Jiro Ono, a secretary to Prime Minister Junichiro Koizumi, quit his National Police Agency post Monday to run in the Sept. 11 House of Representatives election in support of Koizumi's structural reforms centering on postal privatization.

"I want to help Prime Minister Koizumi's reform," Ono, 52 told reporters after quitting as Koizumi's secretary as well as a senior NPA official.

It is rare for a senior bureaucrat serving as a prime minister's secretary to leave the post to immediately run in a national election.

Hiroto Yamazaki, head of the International Research and Training Institute for Criminal Investigation under the National Police Academy, will succeed Ono in the post, the Cabinet Secretariat said.

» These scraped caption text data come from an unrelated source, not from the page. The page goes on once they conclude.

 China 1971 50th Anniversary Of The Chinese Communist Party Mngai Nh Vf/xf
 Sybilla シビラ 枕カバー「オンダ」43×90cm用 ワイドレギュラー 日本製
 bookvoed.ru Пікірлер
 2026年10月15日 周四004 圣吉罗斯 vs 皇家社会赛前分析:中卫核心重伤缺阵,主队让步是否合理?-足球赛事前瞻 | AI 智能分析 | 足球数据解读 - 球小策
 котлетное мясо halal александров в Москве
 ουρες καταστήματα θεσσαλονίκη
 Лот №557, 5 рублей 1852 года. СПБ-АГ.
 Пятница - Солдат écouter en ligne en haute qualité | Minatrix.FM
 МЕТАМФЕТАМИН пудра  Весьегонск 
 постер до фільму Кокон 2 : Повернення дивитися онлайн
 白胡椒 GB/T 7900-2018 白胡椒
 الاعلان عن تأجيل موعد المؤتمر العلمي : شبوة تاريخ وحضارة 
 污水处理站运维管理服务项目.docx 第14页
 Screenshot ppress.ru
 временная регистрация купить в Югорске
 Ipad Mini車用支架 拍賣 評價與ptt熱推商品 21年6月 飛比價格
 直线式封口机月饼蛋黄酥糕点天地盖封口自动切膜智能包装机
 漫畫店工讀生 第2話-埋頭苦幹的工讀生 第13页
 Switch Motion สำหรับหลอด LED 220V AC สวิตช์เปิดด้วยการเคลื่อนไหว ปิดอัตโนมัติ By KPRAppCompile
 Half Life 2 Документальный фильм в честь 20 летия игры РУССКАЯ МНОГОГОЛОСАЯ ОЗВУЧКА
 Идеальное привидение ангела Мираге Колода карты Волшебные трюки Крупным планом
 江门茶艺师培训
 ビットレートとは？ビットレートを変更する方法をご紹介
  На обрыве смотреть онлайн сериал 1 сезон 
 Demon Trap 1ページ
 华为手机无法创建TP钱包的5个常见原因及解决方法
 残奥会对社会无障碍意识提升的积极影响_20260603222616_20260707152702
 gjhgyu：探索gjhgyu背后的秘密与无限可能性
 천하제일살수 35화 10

Koizumi has asked Ono to run in the Yamanashi No. 3 district currently held by Takeshi Hosaka, one of the 37 members of his Liberal Democratic Party who voted against postal privatization in the Lower House last month.

Ono had been serving as the prime minister's secretary since the Koizumi administration was launched in 2001.

Hashimoto's son runs

OKAYAMA (Kyodo) Gaku Hashimoto, the second son of former Prime Minister Ryutaro Hashimoto, announced Monday he will run in the Sept. 11 House of Representatives election in his father's district.

Hashimoto, a 31-year-old employee of Mitsubishi Research Institute Inc., said he decided to run at the strong urging of his father's supporters.

The former prime minister once denied he had any intention of having any of his relatives run in the district after quitting as the head of a Liberal Democratic Party faction over a donation scandal.